21 Questions for the People of Ferguson


A simple yes and no questionnaire:

1. Is it right to steal?

2. Is it right to intimidate a small clerk who asks you to pay for merchandise you are walking out of the store with?

3. Is it right push the smaller clerk physically away when he wants you to pay for something you took from the store?

4. Is stealing from a convenience store perfectly good, and a nice thing to do?

5. Should young people walk in the street when that street is a busily traveled state highway running through the city if there are sidewalks provided?

6. Is a police officer wrong in telling young men to walk on the sidewalk when they are walking in the street with heavy traffic?

7. Is it unreasonable to say that walking in a street with heavy traffic is hazardous and could cause an accident causing damage to vehicles or even death to pedestrians?

8. Is it wrong for parents to teach their children to not walk in the street and always use the sidewalks?

9. Should we walk out in a high trafficked street when there are sidewalks?

10. Is it right when you’re told by a police officer to do the right thing that’s very easy to do, to defy his order and refuse to comply.

11. Is a police officer wrong to tell two young men to walk on the sidewalks?

12. Is it such a hard thing for two young men to step over onto the sidewalk?

13. If the two young men refuse and ignore the officer’s order is there any good reason they should refuse?

14. If the two young men refuse to obey the law officer’s order is it wrong for the officer to tell them again?

15. If the law officer tells them again to walk on the sidewalk and one of the young men suddenly slugs the officer in the face several times and injures the officer and almost knocks him out, do we consider that to be very reasonable.

16. If the young man commits battery against an officer of the law because he was told to not walk in the street, is that the way everybody should treat civil officers when they are corrected for a misdemeanor?

17. Is it right and good that the young man physically struggled with the officer in an attempt to take the officer’s gun from its holster on his gun belt?

18. If the young man failed to subdue or kill the officer with his own gun and ran from the scene after committing the crime, was it wrong for the injured officer to come out of his squad car and order the young man to “freeze!” and arrest him for resisting arrest, committing battery and bodily injury to an officer of the law?

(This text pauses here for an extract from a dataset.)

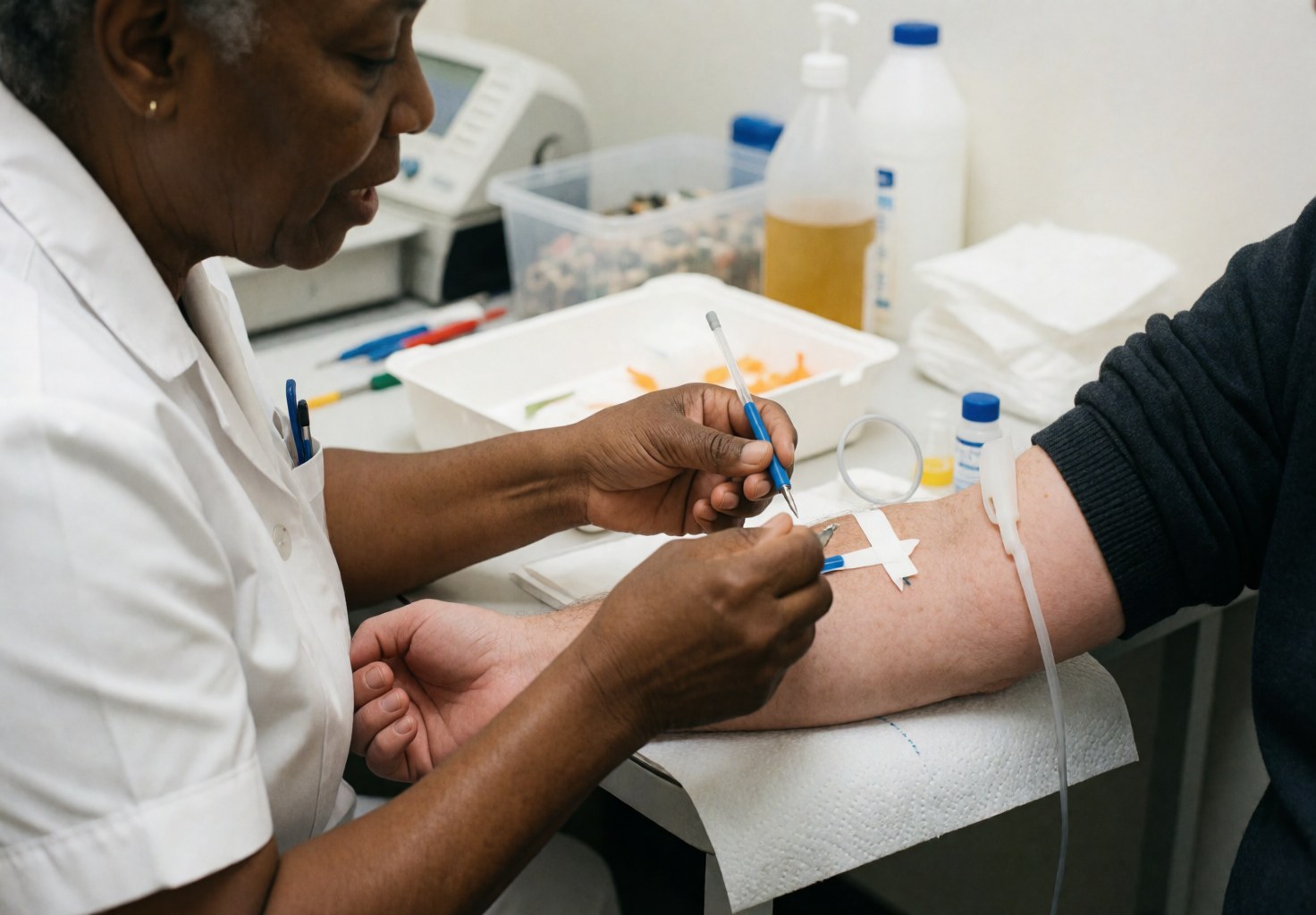 Professional nurse performing a blood draw on a patient in a bright clinical setting with medical instruments visible.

19. If the young man taunted the officer of the law saying to him that he wouldn’t shoot him (which at that time he had not done but had his gun pointed at him) and started walking toward the injured and dazed officer brazenly and in a threatening way. Should the officer allow the (now proven to be) violent young man to beat him again?

20. If the officer does not shoot the young man when he stops running away from him as he was but stops, turns and walks toward the officer suddenly lunging forward racing toward the officer with apparent intentions of attacking the officer again and the officer facing the danger of being physically beaten and then possibly end up being shot and killed with his own firearm, should he allow the much bigger man to attack him and possibly be killed by the thief?

21. Is it wrong to walk on the sidewalk?

What has happened to common sense and human logic when it becomes wrong to walk on the sidewalk the city paid a lot of money to provide. According to normal people cars drive on streets and people walk on sidewalks. Michael Brown defied many common principles of human behavior that day. That day he was acting in a completely dysfunctional manner in about everything he did. THEN WE MAKE THE OFFICER LOOK LIKE HE IS THE ONE DYSFUNCTIONAL. THE RACISTS CALL THIS RACISM. The racists call law and order racism.

When an officer of the law requires a young man to abide by the order of things and tells the young man to comply with the more peaceful arrangement by walking on the sidewalks provided for the safety of pedestrians, Michael Brown decides to rebel against the order of things and violate the principles of order that began with a robbery and ended with his death and then we blame the officer for his death which he himself caused by one act of violence after another until he ended up dead on the street.

What a tragedy! A promising young man with a bad attitude and a violent nature according to everything he did leading up to his death. But those who believe and worship the myth of racism blame everything on the officer who was doing his job to restore order – just telling the boys to get out of the street and walk on the sidewalk. Such a simple thing. But racists keep treating the affects instead of the first cause in the first place – attitudes.

He that justifieth the wicked, and he that condemneth the just, even they both are abomination to the LORD. Proverbs 17:15

These six things doth the LORD hate: yea, seven are an
abomination unto him: 17A proud look, a lying tongue, and hands that shed innocent blood, 18 An heart that deviseth wicked imaginations, feet that be swift in running to mischief, 19 A false witness that speaketh lies, and he that soweth discord among brethren. Proverbs 6:16-19.